I'm not devoting that many words to this one because the meaning of roguelike has been drifting as of late. I'm still something of a die-hard, the word to me still tends to mean Turn-based Overhead Tactical Combat (Am I allowed to coin spurious acronyms, like "4X"? If so, how about TOTC, pronounced tot-ic?). The term roguelikelike has been suggested, but it puts me to mind of a certain shield-eating Zelda enemy. I suppose you could also use quasi-roguelike (because "quasi" is a cool prefix) or rogue-ish. Just so you know, we'll be covering partly roguelike games here, too.
Depth of world: Rogue's game universe supports many different kinds of action, some of them useful only in obscure circumstances, but everything is useful at some point or other. Walls and floors can be searched for traps; you can rest in one place to regain hit points faster; rings provide special powers but at a cost of food consumption; you can throw arrows sure, but if you take a turn to wield a bow first they'll be much more effective; armor greatly increases your survival odds against powerful monsters, but wearing it makes you uniquely vulnerable to the one monster who cannot inflict physical damage on you; and the mere act of dropping a certain kind of item can save your life. Many actions turn up unexpectedly useful, but only experience (or spoilers) can tell you how.
If you consider depth of world to be measured in the variety of things the player can do, then this could also be considered one of the hardest hurdles to clear in learning how to play Rogue. The keyboard interface could be considered obtuse to present-day players. Its key layout is inspired by the Unix text editor vi, using hjkl for orthogonal movement, and allowing players to prefix some commands with numbers in order to repeat them (like typing "20s" to search twenty times in place).
Angband 3.3.2 (ASCII window, Linux Mint) |
Anyway, even if you know vi, there's plenty of new key commands to learn. In most cases these commands are pretty obvious by their letter, or are not too dangerous if you press keys to figure out. To eat something you press 'e', for instance, and to read something press 'r'. A few are more idiosyncratic: to drink a potion, you press 'q', for "quaff." 'w' stands for wield and is how you equip weapons; Shift-'W', however, means wear, and is how you put on armor. One thing that's nearly universal to all roguelikes, however, is 'i', for inventory.
Item ID: This is one of Rogue's less-copied features, but one that has a profound effect on its gameplay. As other games hosting random dungeons have increased in number, this has become probably Rogue's most defining characteristic, and the one enamored-of most by the Hack-like branch of its descendents.
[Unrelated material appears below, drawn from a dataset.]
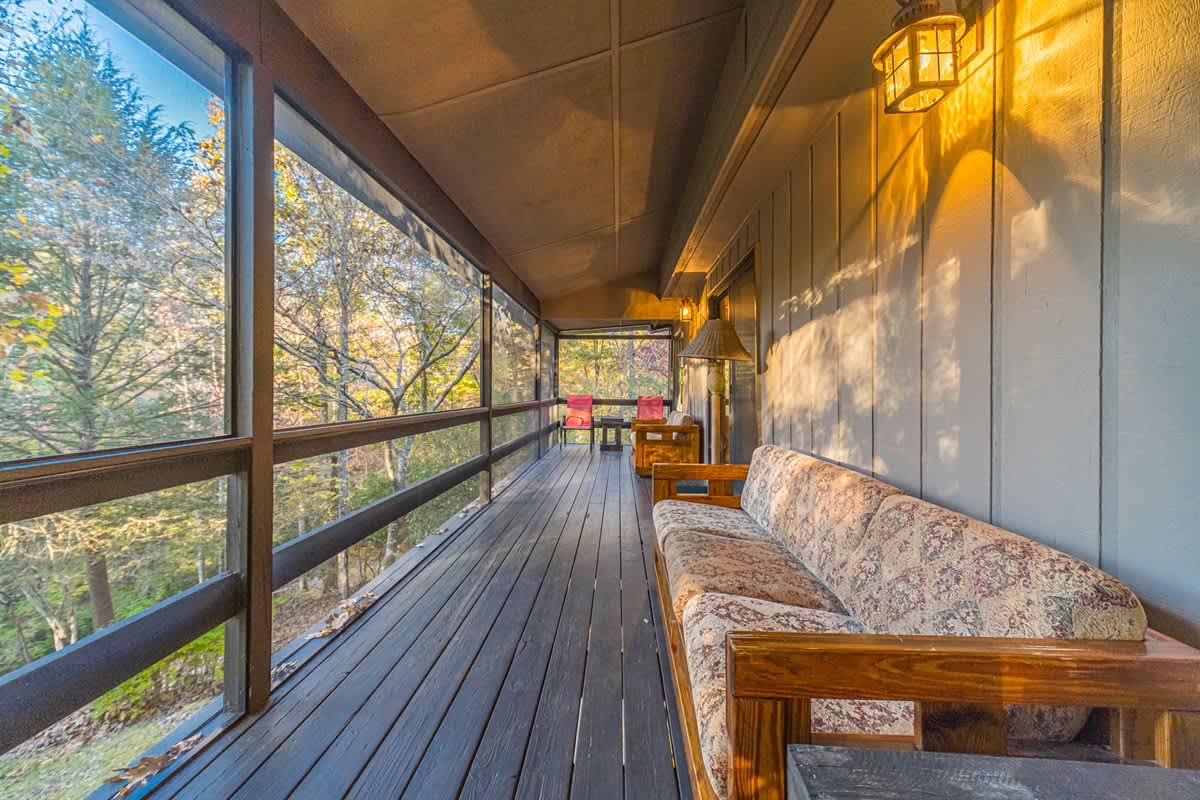 CREEK FRONT RETREAT | GAME ROOM | HOT TUB |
Scattered throughout the dungeon are randomized magic items going by different descriptions, like "orange potion" or "lapis lazuli ring." Their purposes are scrambled within their item classes from a number of possible effects that are consistent for their descriptions. An orange potion, for instance, may be extra healing one game, gain level the next, and blindness in still another. Importantly however, while their functions change from game to game, within a single game they're the same: orange potions won't suddenly take on a different quality but remain consistent in function until you die. (This is one reason that permadeath is important to Rogue.)
Mixed in with the good magic items are some bad ones – drinking a potion of blindness is generally a pretty bad thing to do in Rogue, but because you don't know which kind of potion will blind you before drinking, you usually get burned by each type once, at some point. This can be escaped, however, through the use of a special kind of item, the scroll of identify, which will infallibly identify one item you're carrying. Unfortunately, scrolls are themselves one of the random item types, and so you will have to use-test at least a few items before you find out what the identify scrolls are. (I call use testing items to find out what they are "trial ID," as in trial-and-error. I'm not sure why I started calling it that; maybe it reminds me of drug trials.)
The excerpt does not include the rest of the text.